At the macro level, the energy profile of the United States—and the world—is going through dramatic changes. Enabled by new technologies, the US now has access to some of the largest unconventional oil and gas resources in the world. The availability of those resources provides clear energy security benefits for the US, and can help the world—especially the emerging economies—meet an increasing demand for energy. But taking advantage of those resources could exacerbate the environmental and climate impacts of global energy production and use.
We saw last fall the impact a changing climate can have when “Superstorm Sandy” caused horrible devastation, at the same time highlighting the fragility of our energy infrastructures and networks. More recently, and certainly related to events like Sandy, the world crossed a critical threshold: Carbon dioxide concentrations in the atmosphere now exceed 400 ppm, a level at which we can expect to see more frequent and severe impacts from a changing global climate.
MITEI’s research agenda is responsive to those realities.

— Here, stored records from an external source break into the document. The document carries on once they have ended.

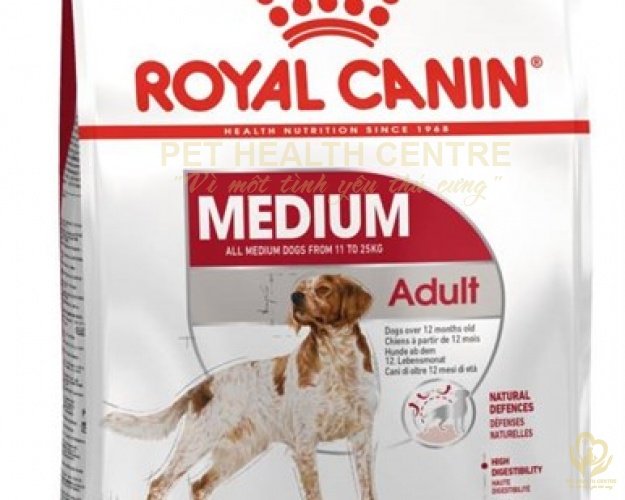 THức ăn cho chó trưởng thành ROYAL CANIN MEDIUM ADULT - 1KG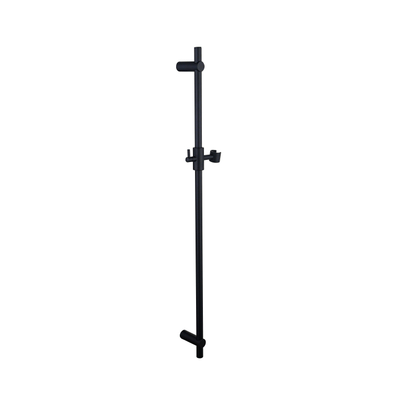 FugaFlow Eccelente Ensemble barre de glissement avec douchette ronde, flexible de douche métallique noir mat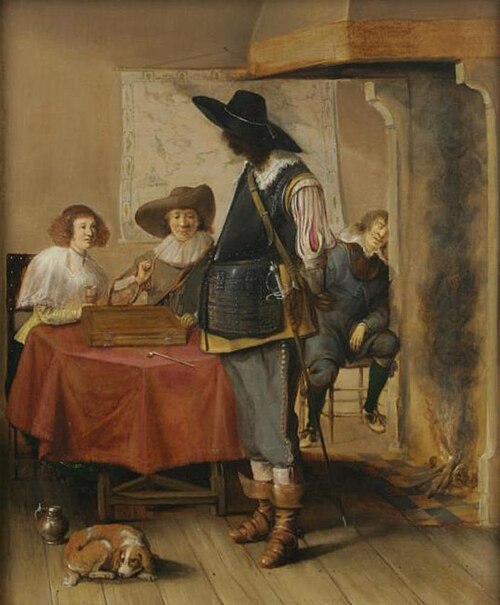 Company by the Fireside, 1632, Aernout van der Neer
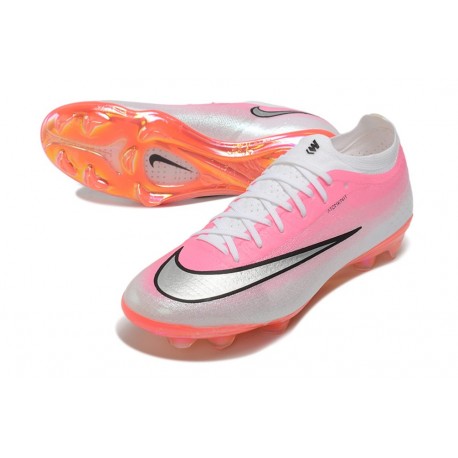 Nike Crampon Zoom Mercurial Vapor XVII Elite FG Rose Argent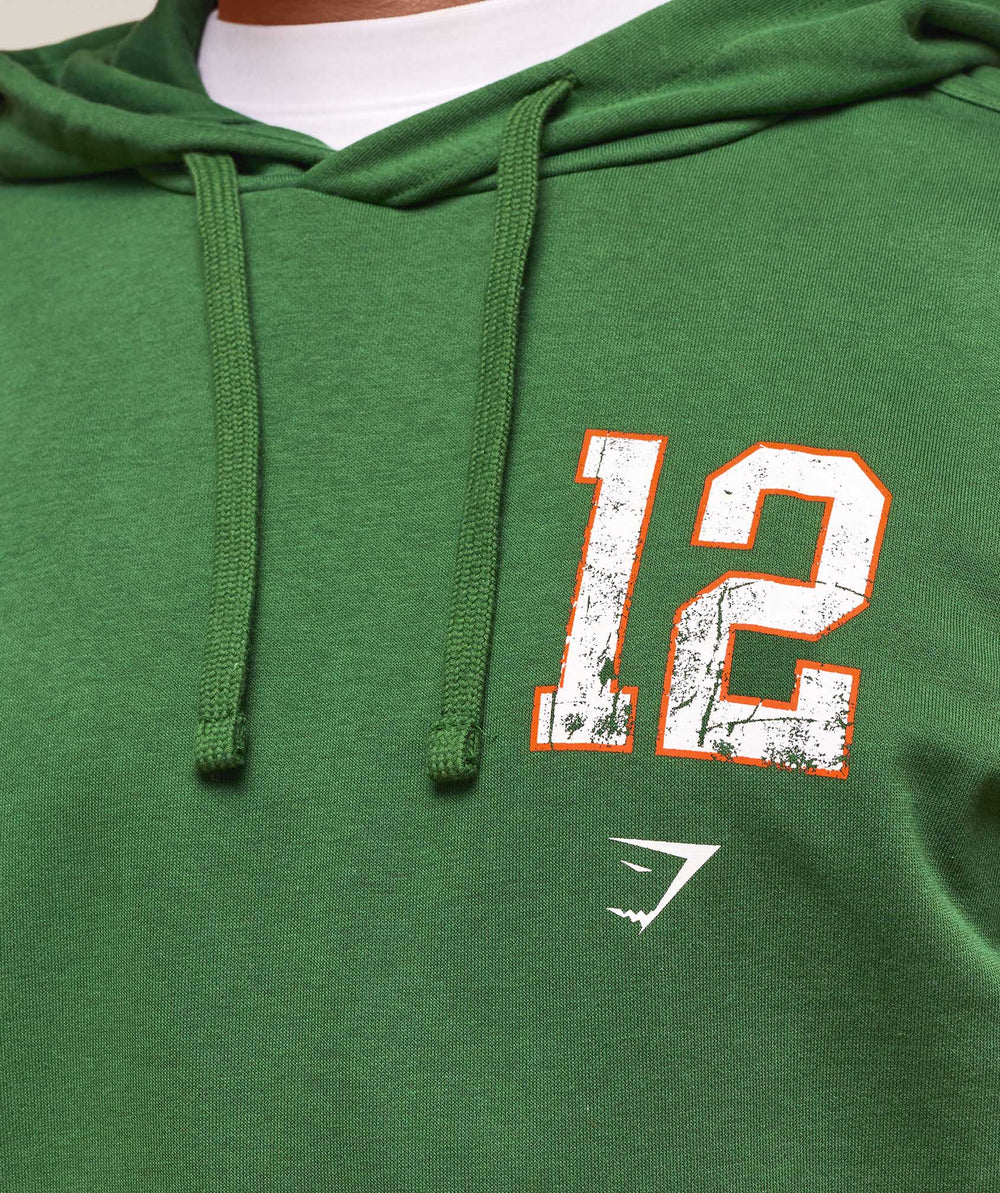 Collegiate Graphic Hoodie Athletic Green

One of the Initiative’s key drivers has always been to help move the world toward a low-carbon energy future. At the research level, this goal has translated into a focus on innovations in existing energy technologies and systems, and on transformational low- or no-carbon energy technologies. At last count, more than two-thirds of the research projects supported through MITEI focused on such no- or low-carbon technologies as renewable energy, energy efficiency, and carbon management, and on such key enabling tools as biotechnology, nanotechnology, and advanced modeling and simulation capabilities.
While continuing this important research, we’re extending our dual-track strategy—innovation and transformation—as we work to establish new strategic directions. With help from across the Institute, we have identified the following areas for expanded attention in research: energy conservation and efficiency in the built environment; energy requirements for water and water requirements for energy; the need for a more resilient, secure, and smart electric grid; and the contributions of life sciences to a low-carbon future.
As we enhance and expand our research priorities, we also continue to foster energy education across campus. With the June 2013 class, students from all five of MIT’s schools have graduated with the Energy Studies Minor—a demonstration of our fundamental belief that energy education must be cross-cutting. Looking forward, the long-term sustainability of the Energy Studies Minor appears bright due to an anonymous gift establishing an endowed fund to support teaching within the program.
With the continued strong support of MIT President L. Rafael Reif and Maria Zuber, MIT’s new vice president for research, MITEI is moving forward. As always, we’re committed to performing innovative and transformational research; working with our members to bring energy solutions to the marketplace; educating the next generation of energy experts; making our campus a model of efficient energy use; and providing policymakers with the unbiased, technically based analyses they need to make informed decisions.
Thank you for your support and interest. We hope you enjoy this eleventh edition of Energy Futures, which reflects a snapshot of the work that will drive our energy future forward.